-- Opening Marker --

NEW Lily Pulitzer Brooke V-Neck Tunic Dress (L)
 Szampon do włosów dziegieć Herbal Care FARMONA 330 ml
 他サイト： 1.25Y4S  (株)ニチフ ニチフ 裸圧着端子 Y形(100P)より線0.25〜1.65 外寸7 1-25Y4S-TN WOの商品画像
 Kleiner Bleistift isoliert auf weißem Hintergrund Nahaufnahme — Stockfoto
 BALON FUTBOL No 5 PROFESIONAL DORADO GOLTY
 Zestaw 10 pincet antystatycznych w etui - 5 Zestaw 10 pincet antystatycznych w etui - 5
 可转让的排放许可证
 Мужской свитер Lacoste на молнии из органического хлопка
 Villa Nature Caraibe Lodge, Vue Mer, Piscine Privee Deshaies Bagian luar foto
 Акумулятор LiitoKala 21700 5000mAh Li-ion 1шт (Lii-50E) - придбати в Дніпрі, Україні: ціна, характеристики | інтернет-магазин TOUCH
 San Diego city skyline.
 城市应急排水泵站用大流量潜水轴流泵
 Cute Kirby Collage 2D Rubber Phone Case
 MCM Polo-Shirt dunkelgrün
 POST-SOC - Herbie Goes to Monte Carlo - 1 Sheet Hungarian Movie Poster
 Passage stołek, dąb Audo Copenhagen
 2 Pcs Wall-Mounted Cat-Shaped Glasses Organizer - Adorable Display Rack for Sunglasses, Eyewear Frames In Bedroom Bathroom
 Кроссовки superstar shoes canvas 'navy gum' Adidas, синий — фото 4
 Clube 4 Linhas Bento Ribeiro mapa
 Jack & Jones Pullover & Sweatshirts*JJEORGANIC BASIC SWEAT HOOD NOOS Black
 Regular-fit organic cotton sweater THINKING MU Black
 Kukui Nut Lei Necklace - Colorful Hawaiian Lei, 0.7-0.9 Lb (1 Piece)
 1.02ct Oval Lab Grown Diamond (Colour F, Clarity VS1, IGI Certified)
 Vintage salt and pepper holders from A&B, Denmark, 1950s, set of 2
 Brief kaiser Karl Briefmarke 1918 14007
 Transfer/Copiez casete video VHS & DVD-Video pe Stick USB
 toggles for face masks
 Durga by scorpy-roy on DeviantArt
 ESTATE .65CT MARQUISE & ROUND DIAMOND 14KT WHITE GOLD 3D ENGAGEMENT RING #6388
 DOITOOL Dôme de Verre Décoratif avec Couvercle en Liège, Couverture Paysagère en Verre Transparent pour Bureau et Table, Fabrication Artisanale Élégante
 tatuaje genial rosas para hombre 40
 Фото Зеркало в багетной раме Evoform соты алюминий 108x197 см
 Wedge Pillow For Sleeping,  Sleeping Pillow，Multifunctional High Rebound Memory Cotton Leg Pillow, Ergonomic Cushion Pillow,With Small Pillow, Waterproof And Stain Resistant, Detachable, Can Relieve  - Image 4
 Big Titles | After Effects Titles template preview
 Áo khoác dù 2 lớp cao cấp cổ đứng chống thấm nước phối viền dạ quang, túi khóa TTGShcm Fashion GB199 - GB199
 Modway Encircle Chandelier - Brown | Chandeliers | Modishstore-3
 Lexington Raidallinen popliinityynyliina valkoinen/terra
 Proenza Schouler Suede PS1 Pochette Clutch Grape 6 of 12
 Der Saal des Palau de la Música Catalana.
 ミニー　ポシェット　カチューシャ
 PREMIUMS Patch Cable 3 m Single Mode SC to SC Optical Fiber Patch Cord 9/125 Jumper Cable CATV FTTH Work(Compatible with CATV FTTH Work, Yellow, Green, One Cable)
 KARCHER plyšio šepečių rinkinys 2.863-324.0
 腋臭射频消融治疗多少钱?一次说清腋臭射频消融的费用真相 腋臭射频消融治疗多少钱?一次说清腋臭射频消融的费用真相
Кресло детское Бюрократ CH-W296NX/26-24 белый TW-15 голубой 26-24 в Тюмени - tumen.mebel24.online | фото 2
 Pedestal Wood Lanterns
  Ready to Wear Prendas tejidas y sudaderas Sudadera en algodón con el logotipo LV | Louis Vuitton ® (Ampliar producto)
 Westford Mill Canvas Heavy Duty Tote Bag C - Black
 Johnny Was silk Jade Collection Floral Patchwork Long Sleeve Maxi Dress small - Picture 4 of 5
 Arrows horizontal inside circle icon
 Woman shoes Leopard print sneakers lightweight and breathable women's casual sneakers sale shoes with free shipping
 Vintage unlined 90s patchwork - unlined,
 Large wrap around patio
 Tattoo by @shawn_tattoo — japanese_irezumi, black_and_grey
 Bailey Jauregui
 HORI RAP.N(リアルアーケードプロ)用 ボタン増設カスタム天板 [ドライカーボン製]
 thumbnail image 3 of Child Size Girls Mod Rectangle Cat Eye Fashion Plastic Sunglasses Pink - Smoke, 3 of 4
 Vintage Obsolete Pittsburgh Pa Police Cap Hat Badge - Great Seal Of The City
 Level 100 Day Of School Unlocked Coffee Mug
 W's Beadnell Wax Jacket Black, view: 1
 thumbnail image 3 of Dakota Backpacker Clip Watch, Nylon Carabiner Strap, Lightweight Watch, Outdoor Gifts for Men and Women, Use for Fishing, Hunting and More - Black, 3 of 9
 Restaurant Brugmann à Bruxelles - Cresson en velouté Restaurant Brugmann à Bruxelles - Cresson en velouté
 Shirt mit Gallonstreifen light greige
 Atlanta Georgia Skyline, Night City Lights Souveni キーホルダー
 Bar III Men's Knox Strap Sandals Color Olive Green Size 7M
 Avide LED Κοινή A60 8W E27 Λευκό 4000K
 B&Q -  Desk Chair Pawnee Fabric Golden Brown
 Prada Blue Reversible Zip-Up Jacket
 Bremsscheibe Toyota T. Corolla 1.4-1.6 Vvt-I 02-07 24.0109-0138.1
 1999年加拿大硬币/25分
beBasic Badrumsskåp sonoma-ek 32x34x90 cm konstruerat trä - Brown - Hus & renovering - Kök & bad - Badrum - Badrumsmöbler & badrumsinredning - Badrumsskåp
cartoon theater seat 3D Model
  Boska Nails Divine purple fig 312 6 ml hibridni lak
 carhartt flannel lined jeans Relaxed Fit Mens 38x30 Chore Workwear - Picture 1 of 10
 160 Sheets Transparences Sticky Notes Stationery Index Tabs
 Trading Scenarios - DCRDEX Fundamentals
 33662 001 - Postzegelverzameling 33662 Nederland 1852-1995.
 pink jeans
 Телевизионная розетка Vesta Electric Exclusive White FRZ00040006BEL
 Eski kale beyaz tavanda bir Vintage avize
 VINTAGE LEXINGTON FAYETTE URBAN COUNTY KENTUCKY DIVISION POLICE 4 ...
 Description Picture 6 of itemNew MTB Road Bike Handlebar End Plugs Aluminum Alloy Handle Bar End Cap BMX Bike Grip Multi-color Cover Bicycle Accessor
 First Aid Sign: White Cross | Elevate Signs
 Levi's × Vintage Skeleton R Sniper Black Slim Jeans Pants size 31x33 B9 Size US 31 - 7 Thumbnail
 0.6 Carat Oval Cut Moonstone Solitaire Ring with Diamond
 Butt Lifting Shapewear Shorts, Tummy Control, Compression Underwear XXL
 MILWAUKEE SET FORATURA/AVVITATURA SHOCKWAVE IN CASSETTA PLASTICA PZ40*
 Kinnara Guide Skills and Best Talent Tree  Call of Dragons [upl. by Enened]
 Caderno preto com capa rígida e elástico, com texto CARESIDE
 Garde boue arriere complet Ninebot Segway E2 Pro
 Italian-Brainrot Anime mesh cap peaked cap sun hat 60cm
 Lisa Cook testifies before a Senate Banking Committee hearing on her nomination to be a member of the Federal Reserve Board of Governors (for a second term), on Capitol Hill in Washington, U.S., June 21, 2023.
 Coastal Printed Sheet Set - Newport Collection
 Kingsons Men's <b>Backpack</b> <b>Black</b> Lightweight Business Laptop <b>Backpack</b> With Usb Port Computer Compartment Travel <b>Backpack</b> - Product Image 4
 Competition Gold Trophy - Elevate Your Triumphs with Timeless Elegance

-- Closing Marker --

» AIM OF THE EXERCISE:
The reply should hold only the lines from the first line of the listing above through the line with "Villa Nature Caraibe", each copied exactly.

» RESPONSE AREA:
NEW Lily Pulitzer Brooke V-Neck Tunic Dress (L)
 Szampon do włosów dziegieć Herbal Care FARMONA 330 ml
 他サイト： 1.25Y4S  (株)ニチフ ニチフ 裸圧着端子 Y形(100P)より線0.25〜1.65 外寸7 1-25Y4S-TN WOの商品画像
 Kleiner Bleistift isoliert auf weißem Hintergrund Nahaufnahme — Stockfoto
 BALON FUTBOL No 5 PROFESIONAL DORADO GOLTY
 Zestaw 10 pincet antystatycznych w etui - 5 Zestaw 10 pincet antystatycznych w etui - 5
 可转让的排放许可证
 Мужской свитер Lacoste на молнии из органического хлопка
 Villa Nature Caraibe Lodge, Vue Mer, Piscine Privee Deshaies Bagian luar foto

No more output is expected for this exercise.